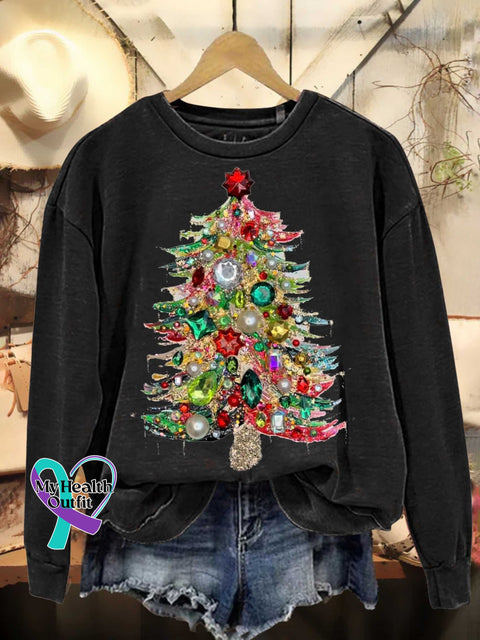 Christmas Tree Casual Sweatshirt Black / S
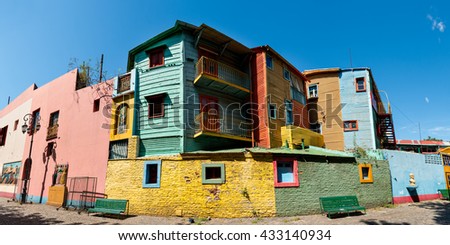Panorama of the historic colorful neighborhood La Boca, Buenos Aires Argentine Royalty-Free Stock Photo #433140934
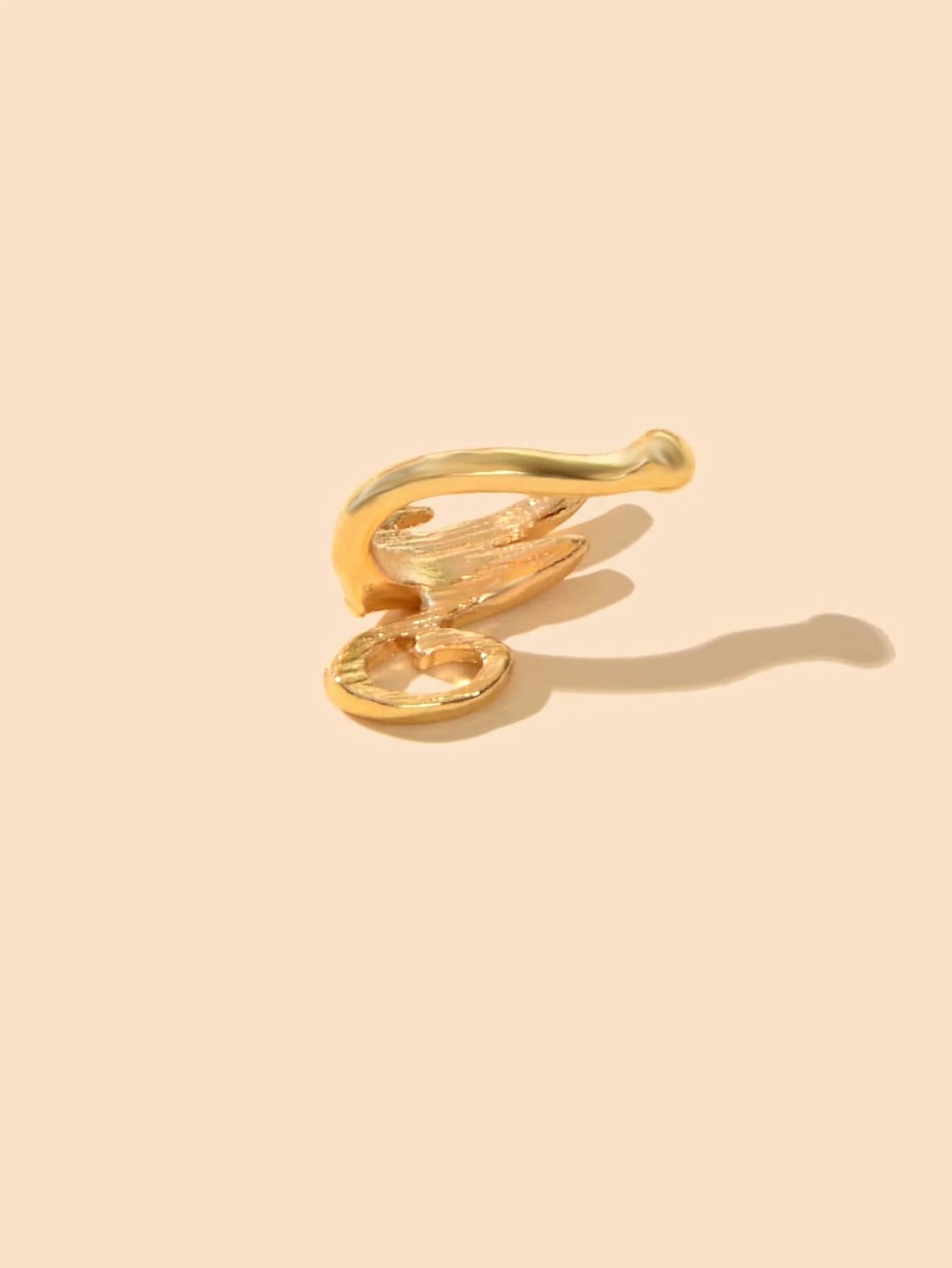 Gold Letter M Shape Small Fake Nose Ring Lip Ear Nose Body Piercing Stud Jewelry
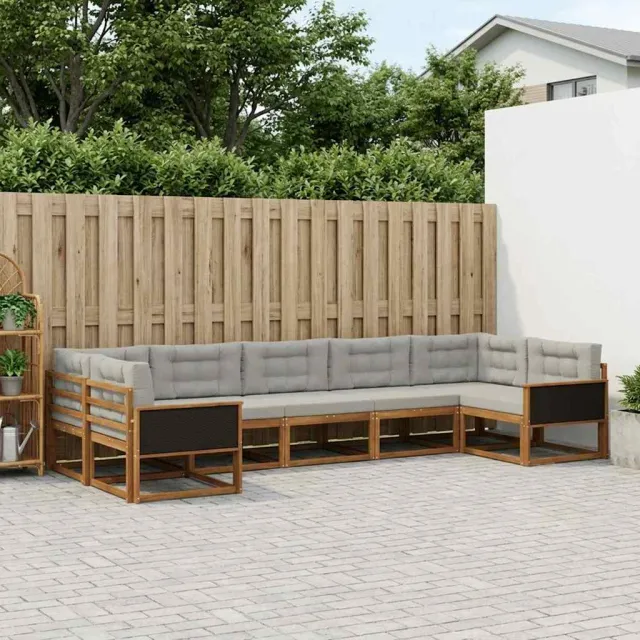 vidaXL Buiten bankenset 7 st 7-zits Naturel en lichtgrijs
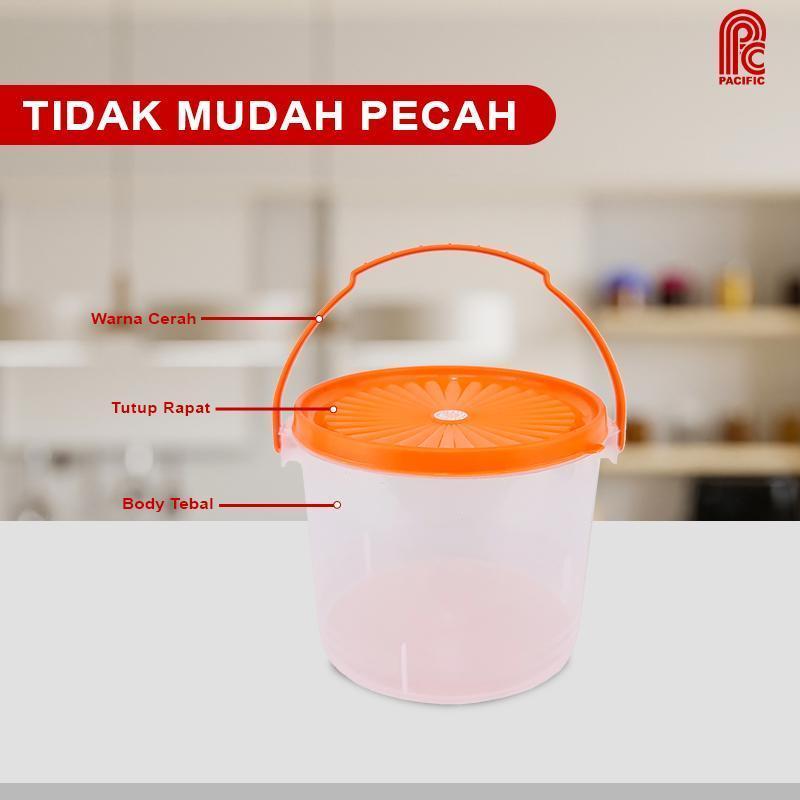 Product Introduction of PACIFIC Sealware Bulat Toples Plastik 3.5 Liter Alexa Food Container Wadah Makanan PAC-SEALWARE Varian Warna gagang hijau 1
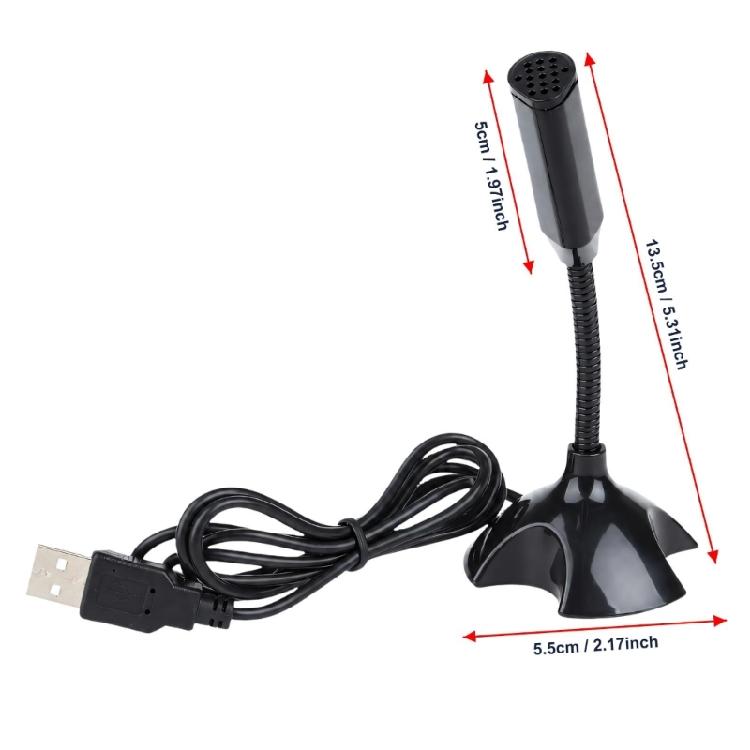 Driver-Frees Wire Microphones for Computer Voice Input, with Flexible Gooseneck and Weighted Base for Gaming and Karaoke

**What needs to be done**
Output the records exactly, pictures excluded.

**Worked solution**
 Christmas Tree Casual Sweatshirt Black / S
Panorama of the historic colorful neighborhood La Boca, Buenos Aires Argentine Royalty-Free Stock Photo #433140934
 Gold Letter M Shape Small Fake Nose Ring Lip Ear Nose Body Piercing Stud Jewelry
 vidaXL Buiten bankenset 7 st 7-zits Naturel en lichtgrijs
 Product Introduction of PACIFIC Sealware Bulat Toples Plastik 3.5 Liter Alexa Food Container Wadah Makanan PAC-SEALWARE Varian Warna gagang hijau 1
 Driver-Frees Wire Microphones for Computer Voice Input, with Flexible Gooseneck and Weighted Base for Gaming and Karaoke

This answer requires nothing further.